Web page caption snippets
=== Begin Enclosure ===
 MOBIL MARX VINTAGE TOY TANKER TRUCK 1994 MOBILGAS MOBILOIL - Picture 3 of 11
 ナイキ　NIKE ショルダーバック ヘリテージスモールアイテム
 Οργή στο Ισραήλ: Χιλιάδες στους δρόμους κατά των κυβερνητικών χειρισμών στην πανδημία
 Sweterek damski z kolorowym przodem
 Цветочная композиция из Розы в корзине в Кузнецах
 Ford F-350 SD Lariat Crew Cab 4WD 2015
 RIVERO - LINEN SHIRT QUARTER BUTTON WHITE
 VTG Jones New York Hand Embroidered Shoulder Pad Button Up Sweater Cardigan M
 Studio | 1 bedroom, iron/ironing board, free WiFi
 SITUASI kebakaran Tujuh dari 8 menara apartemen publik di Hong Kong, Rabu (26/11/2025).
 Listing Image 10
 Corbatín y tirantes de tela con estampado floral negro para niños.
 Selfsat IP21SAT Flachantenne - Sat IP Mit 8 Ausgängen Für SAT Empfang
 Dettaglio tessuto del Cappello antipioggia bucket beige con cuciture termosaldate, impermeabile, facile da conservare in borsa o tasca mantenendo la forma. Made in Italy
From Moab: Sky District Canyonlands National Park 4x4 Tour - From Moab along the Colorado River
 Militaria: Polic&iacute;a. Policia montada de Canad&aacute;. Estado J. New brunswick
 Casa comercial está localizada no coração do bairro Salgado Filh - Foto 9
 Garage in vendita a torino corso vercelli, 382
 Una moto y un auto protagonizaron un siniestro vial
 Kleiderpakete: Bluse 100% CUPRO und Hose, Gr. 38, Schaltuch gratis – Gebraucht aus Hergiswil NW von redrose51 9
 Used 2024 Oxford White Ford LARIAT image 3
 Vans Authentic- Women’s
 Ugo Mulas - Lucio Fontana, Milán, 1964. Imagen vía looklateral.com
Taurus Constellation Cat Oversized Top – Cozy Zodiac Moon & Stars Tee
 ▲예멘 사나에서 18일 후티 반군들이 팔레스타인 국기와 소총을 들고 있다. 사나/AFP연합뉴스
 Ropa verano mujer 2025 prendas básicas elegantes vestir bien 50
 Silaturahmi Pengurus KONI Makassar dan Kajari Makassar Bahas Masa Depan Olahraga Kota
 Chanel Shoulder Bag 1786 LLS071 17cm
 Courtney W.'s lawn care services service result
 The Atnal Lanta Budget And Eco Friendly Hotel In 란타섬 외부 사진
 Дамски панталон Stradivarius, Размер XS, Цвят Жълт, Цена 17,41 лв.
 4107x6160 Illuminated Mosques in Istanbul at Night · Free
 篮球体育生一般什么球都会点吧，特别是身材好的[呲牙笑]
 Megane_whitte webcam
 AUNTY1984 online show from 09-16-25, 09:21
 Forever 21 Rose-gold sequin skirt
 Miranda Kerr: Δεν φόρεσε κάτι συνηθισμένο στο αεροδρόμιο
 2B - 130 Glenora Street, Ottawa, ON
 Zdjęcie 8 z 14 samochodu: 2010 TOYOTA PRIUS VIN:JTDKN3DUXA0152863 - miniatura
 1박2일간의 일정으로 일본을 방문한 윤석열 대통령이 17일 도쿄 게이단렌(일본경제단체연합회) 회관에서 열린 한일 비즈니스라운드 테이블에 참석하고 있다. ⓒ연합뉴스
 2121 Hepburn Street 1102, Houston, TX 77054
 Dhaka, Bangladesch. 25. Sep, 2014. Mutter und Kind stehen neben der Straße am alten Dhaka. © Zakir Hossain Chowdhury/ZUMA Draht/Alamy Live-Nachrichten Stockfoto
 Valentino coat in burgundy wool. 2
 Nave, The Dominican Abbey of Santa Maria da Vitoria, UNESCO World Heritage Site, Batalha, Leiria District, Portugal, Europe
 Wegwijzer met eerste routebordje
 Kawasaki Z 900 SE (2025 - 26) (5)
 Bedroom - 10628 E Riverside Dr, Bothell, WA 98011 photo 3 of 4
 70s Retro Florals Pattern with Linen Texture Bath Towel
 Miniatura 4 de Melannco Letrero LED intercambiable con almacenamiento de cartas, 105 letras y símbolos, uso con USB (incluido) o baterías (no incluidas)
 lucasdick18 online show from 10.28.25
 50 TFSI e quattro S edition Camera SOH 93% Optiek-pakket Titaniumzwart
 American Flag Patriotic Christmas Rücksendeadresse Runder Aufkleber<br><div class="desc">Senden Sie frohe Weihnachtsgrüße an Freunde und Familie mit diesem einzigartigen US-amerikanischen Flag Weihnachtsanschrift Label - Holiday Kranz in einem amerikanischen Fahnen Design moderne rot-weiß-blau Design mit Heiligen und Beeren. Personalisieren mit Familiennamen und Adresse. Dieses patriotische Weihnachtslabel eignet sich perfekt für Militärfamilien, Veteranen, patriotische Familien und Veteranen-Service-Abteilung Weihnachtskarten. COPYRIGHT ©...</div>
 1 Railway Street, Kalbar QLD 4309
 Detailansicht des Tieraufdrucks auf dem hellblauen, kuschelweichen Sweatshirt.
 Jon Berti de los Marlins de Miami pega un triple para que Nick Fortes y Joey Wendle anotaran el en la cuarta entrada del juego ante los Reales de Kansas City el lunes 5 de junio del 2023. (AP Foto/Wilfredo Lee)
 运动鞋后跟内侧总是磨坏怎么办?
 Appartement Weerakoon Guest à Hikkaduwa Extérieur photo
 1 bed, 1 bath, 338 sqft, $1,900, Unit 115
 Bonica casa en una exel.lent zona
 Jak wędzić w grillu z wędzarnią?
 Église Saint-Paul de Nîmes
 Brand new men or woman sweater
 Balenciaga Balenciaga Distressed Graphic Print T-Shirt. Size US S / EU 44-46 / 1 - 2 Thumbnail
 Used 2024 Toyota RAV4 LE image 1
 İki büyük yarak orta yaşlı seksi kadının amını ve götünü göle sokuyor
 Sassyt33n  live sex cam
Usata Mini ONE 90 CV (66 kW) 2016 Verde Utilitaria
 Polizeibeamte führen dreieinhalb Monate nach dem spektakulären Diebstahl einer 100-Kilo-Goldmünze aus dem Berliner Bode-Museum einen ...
=== End Enclosure ===
§ What needs to be done
Take the line that contains "1 bed, 1 bath, 338 sqft, $1,900, Unit 115" and each line after it down to the last of the records, and retype them exactly; add nothing else.

§ Answer box
 1 bed, 1 bath, 338 sqft, $1,900, Unit 115
 Bonica casa en una exel.lent zona
 Jak wędzić w grillu z wędzarnią?
 Église Saint-Paul de Nîmes
 Brand new men or woman sweater
 Balenciaga Balenciaga Distressed Graphic Print T-Shirt. Size US S / EU 44-46 / 1 - 2 Thumbnail
 Used 2024 Toyota RAV4 LE image 1
 İki büyük yarak orta yaşlı seksi kadının amını ve götünü göle sokuyor
 Sassyt33n  live sex cam
Usata Mini ONE 90 CV (66 kW) 2016 Verde Utilitaria
 Polizeibeamte führen dreieinhalb Monate nach dem spektakulären Diebstahl einer 100-Kilo-Goldmünze aus dem Berliner Bode-Museum einen ...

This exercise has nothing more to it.